Building a GPU SaaS Platform - OverlayBD Cold Start
/ 8 min read
In the earlier chapters, we built a basic GPU runtime. Before we add queues, activators, and lifecycle policies, there is one lower-level problem we need to solve first: cold start.
Serverless does not mean the workload disappears. It means the user sends work to a platform-managed endpoint, and the platform decides when to create, reuse, or retire workers. AWS Lambda and Cloudflare Workers are familiar examples on the CPU side. A GPU serverless platform follows the same operational idea, but the worker image is usually much larger and much heavier to start.
That is why this chapter focuses on image startup rather than request routing.
For GPU workloads, cold start is often dominated by image handling. If the platform has to fully pull, decompress, and unpack a multi-gigabyte image before the process can even begin, then the rest of the serverless control plane will always feel slower than it should.
So Part 12 is really about one technical question:
how does OverlayBD turn a normal OCI image into something that can be mounted quickly and loaded on demand?
Chapter Goal
By the end of Part 12, the project has four new properties:
- the runtime repository includes a small offline
image-acceleratorcommand - the command wraps the official OverlayBD userspace convertor instead of re-implementing the conversion engine
- the chapter explains the OverlayBD data path, conversion path, and runtime read path in detail
- the series now has a concrete cold-start prerequisite for the later serverless activator path
This chapter intentionally does not yet implement:
- an online image conversion service
- activator-driven worker startup
- queue-driven request execution
- lifecycle policies like prewarm or idle scale-down
Those come next.
OCI To OverlayBD In One Path
To understand OverlayBD, it helps to follow one single path from the source OCI image to the running container, instead of describing the same idea from multiple angles.
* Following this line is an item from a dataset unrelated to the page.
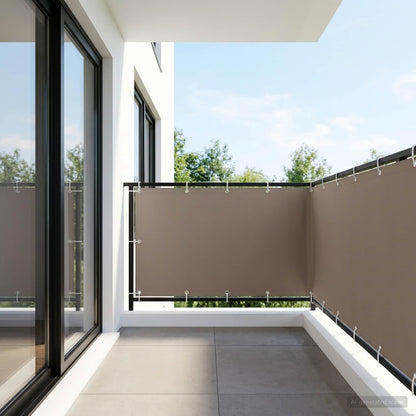 Balcony Privacy Screen 1.2 x 25 m Fabric with PU Coated Taupe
For one concrete platform such as linux/amd64, a normal OCI image is made of:
- a manifest
- an image config
- an ordered sequence of layer blobs
In the standard OCI case, each layer blob is a tar-based filesystem changeset. So a simplified source image looks like this:
image ref
-> index (optional, for multi-arch)
-> manifest
-> config.json
-> layer 0: tar blob
-> layer 1: tar blob
-> layer 2: tar blob
On the node, containerd downloads those blobs into the content store and then unpacks them by applying the tar changesets one layer at a time:
download manifest/config/layers
-> unpack layer 0 -> snapshot S0
-> unpack layer 1 on top of S0 -> snapshot S1
-> unpack layer 2 on top of S1 -> snapshot S2
-> mount root filesystem
That is the part serverless dislikes. A tar layer is good for distribution, but it is not good for random reads. Before the process can start, the node usually has to download, decompress, and replay the layer sequence into snapshots.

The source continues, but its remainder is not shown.